→ RECORDS FOR THE TASK:
BEGIN
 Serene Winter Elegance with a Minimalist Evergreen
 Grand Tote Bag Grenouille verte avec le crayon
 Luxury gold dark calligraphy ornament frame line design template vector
END
BEGIN
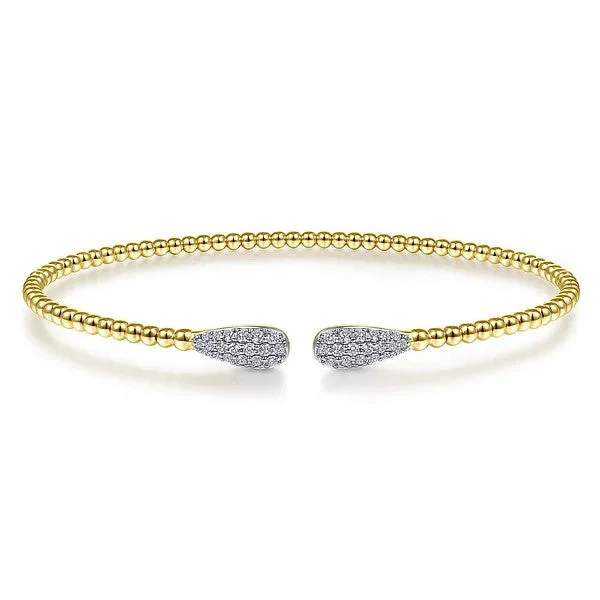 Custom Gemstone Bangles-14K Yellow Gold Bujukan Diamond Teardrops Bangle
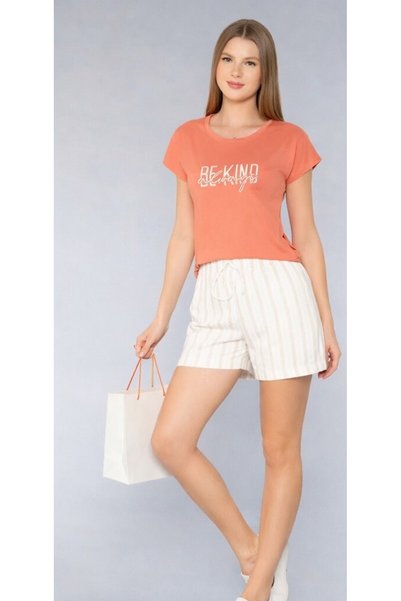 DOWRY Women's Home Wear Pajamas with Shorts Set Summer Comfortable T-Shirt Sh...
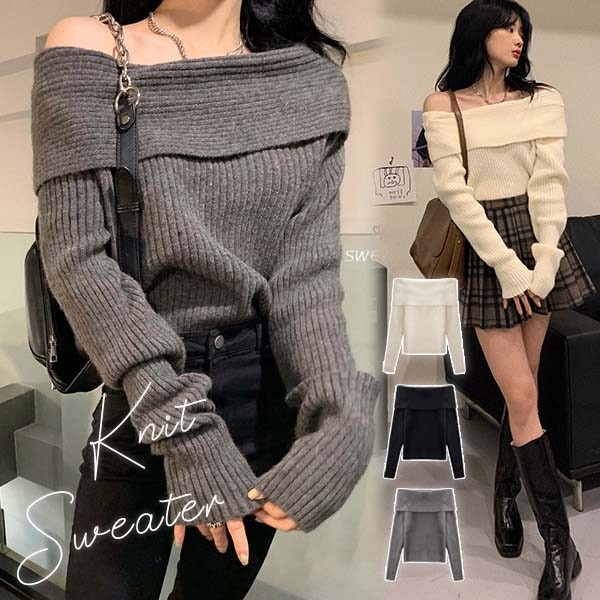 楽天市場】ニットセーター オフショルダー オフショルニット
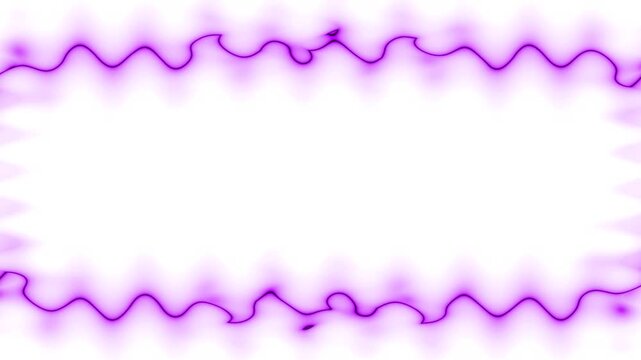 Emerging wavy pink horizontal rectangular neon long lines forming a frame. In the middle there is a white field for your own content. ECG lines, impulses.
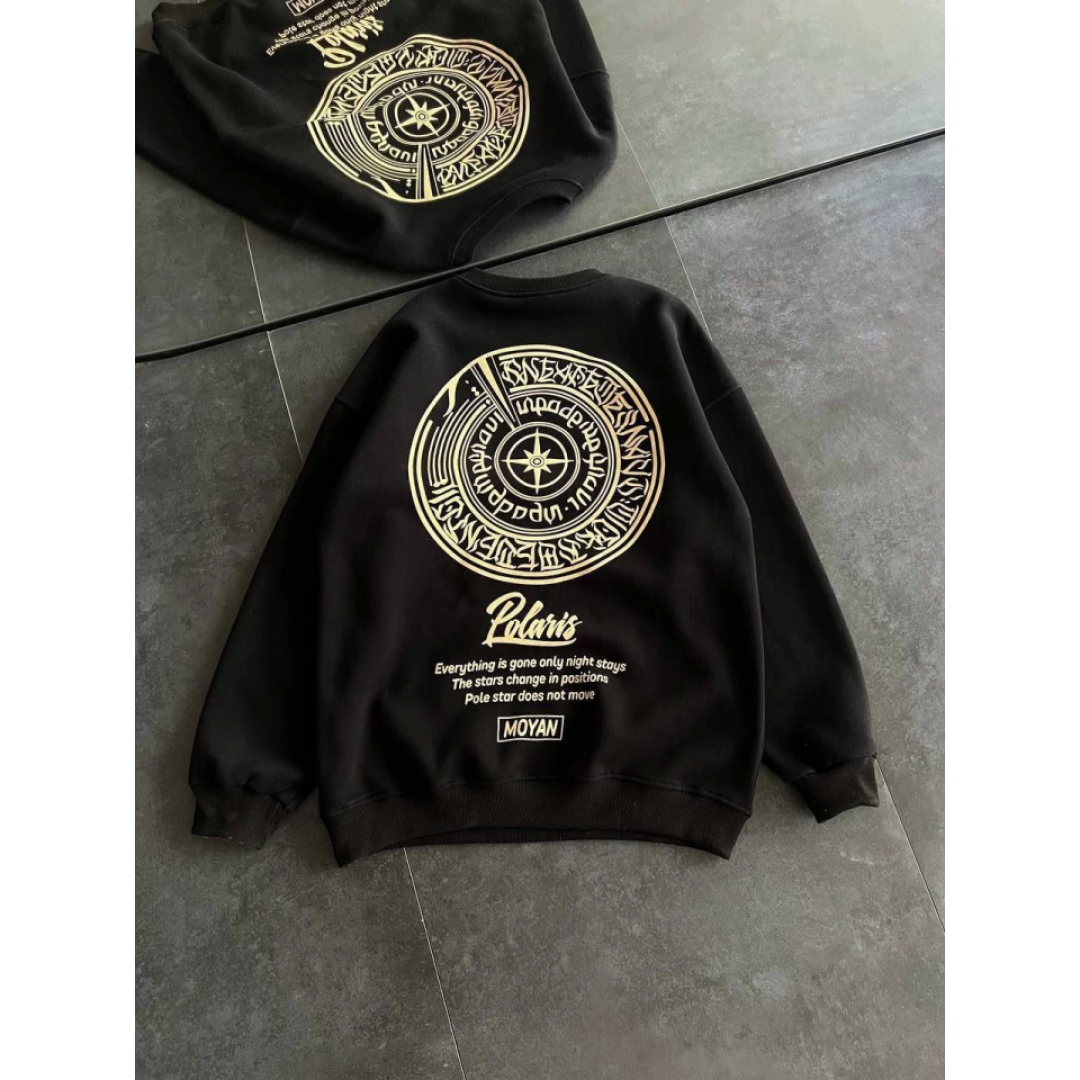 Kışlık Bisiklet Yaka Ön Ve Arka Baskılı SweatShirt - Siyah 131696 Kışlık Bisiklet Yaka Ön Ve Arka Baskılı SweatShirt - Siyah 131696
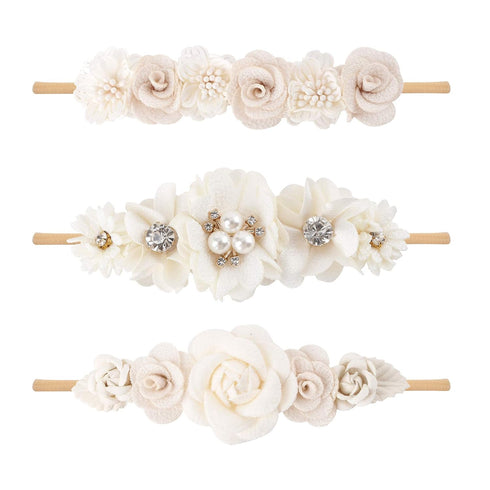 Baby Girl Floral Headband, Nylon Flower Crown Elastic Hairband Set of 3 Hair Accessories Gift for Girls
END
BEGIN
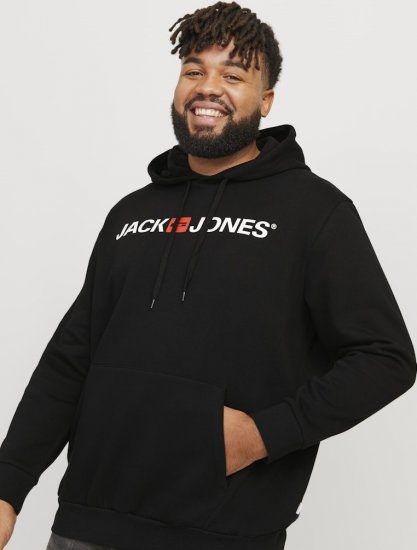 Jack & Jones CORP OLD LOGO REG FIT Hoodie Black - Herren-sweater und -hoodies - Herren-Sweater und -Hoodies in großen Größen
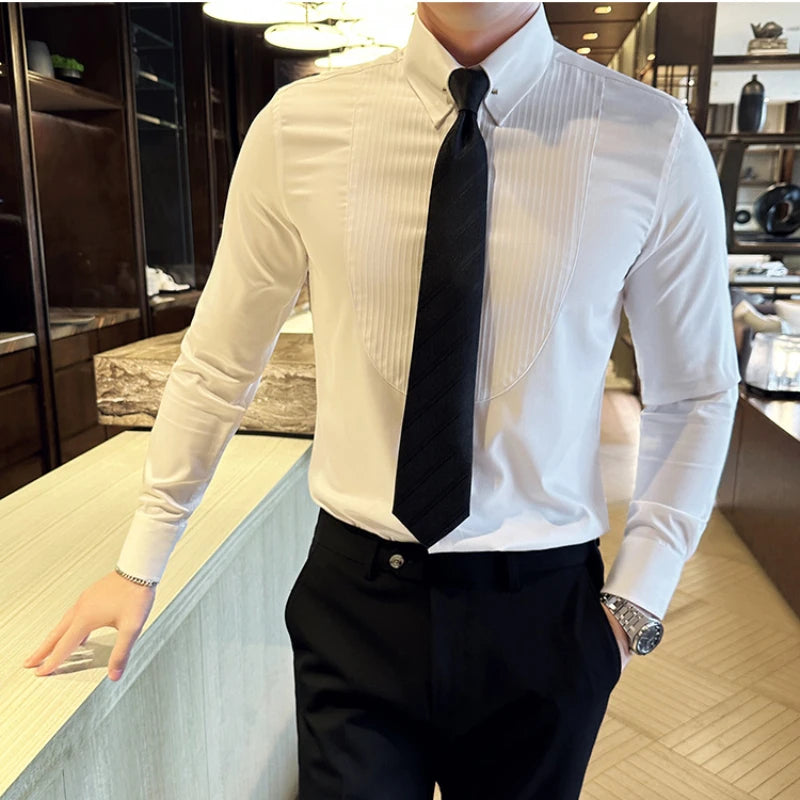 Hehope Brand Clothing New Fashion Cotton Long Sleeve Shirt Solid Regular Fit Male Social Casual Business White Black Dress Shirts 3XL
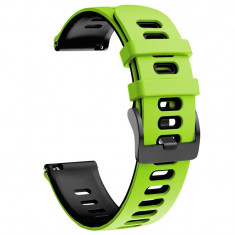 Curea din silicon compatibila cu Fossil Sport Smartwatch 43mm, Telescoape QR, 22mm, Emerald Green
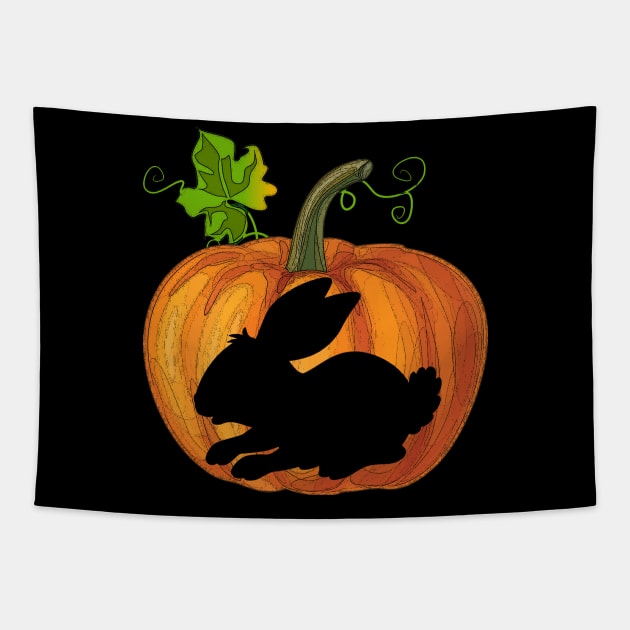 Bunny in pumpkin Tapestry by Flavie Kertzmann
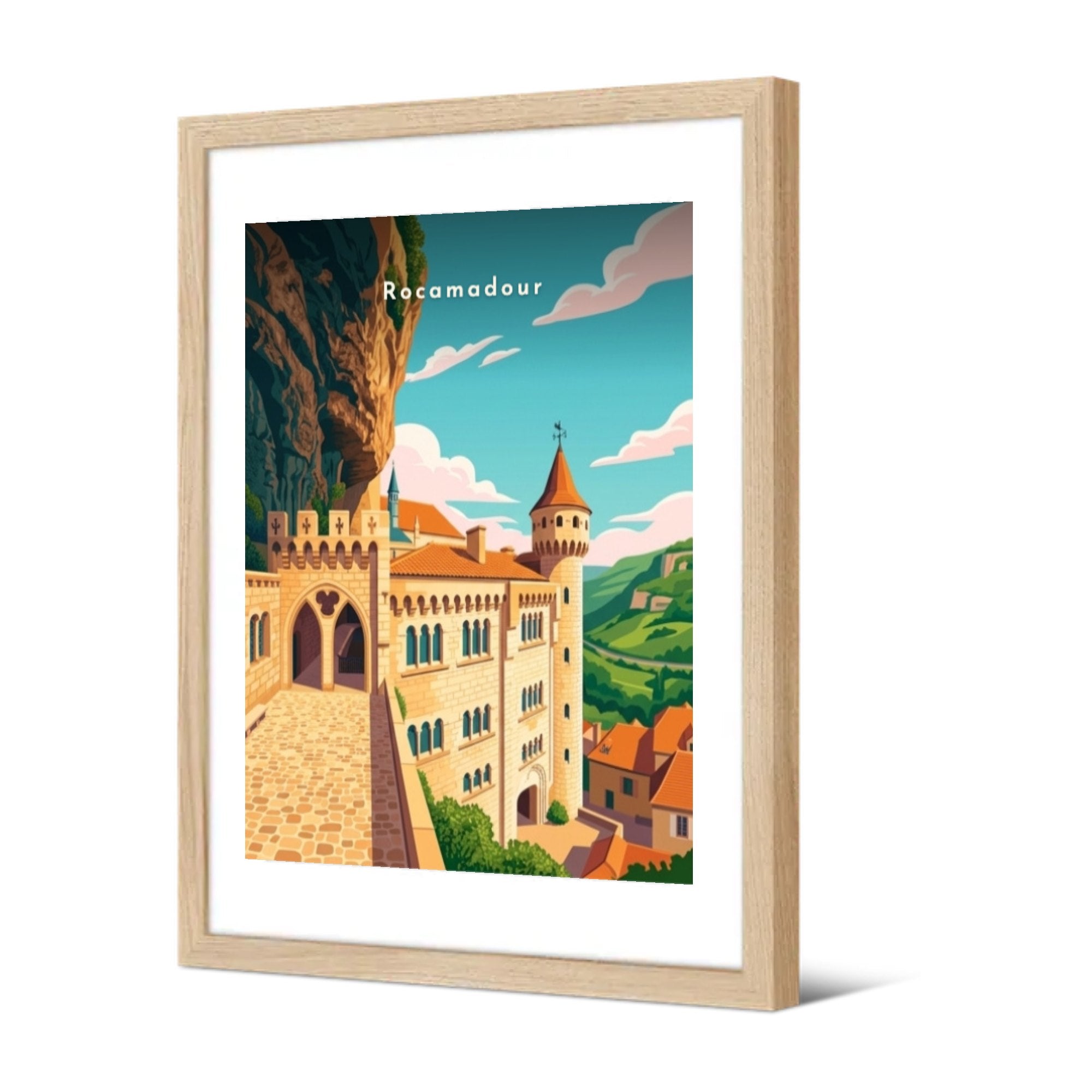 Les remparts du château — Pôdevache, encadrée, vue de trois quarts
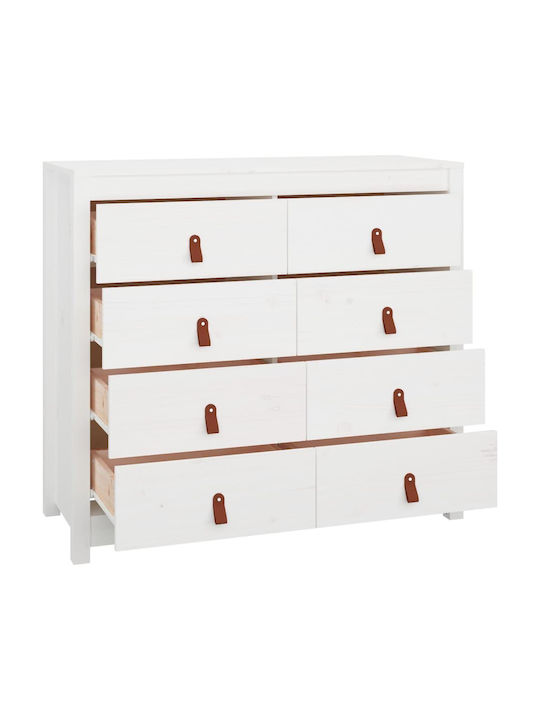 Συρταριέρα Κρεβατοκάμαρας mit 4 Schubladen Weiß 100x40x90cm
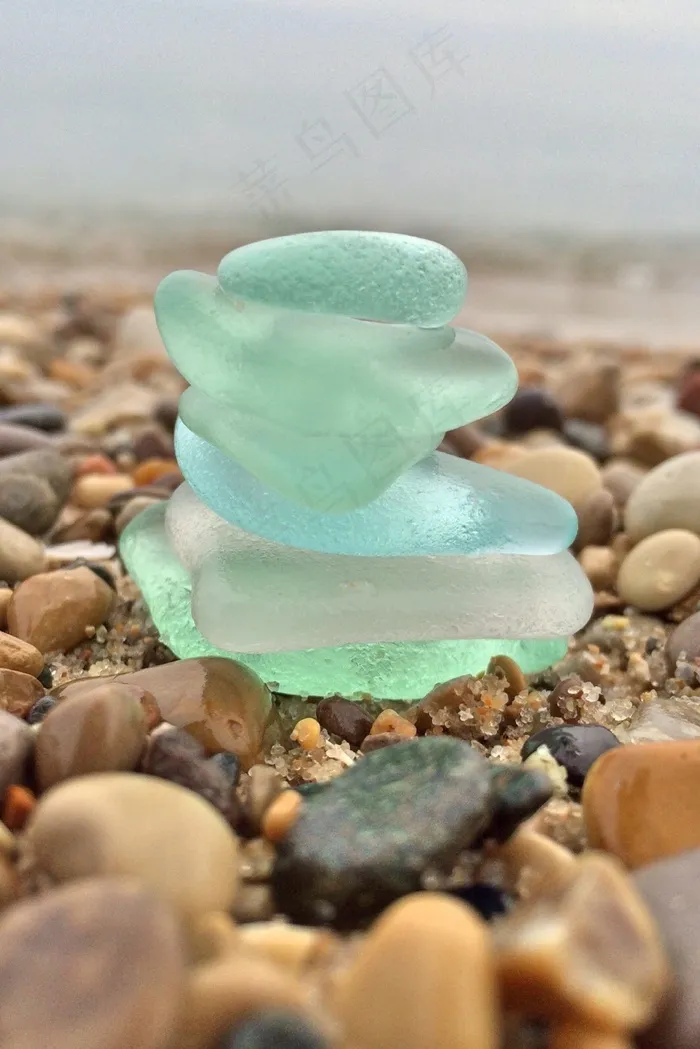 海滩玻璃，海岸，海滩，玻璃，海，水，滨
END
→ REQUIRED WORK:
Of the entries listed above, reproduce only the lines starting at the line containing "Serene Winter Elegance" and ending at the line containing "Luxury gold dark". Include both, exactly as they stand.

→ ANSWER TO THE PROBLEM:
 Serene Winter Elegance with a Minimalist Evergreen
 Grand Tote Bag Grenouille verte avec le crayon
 Luxury gold dark calligraphy ornament frame line design template vector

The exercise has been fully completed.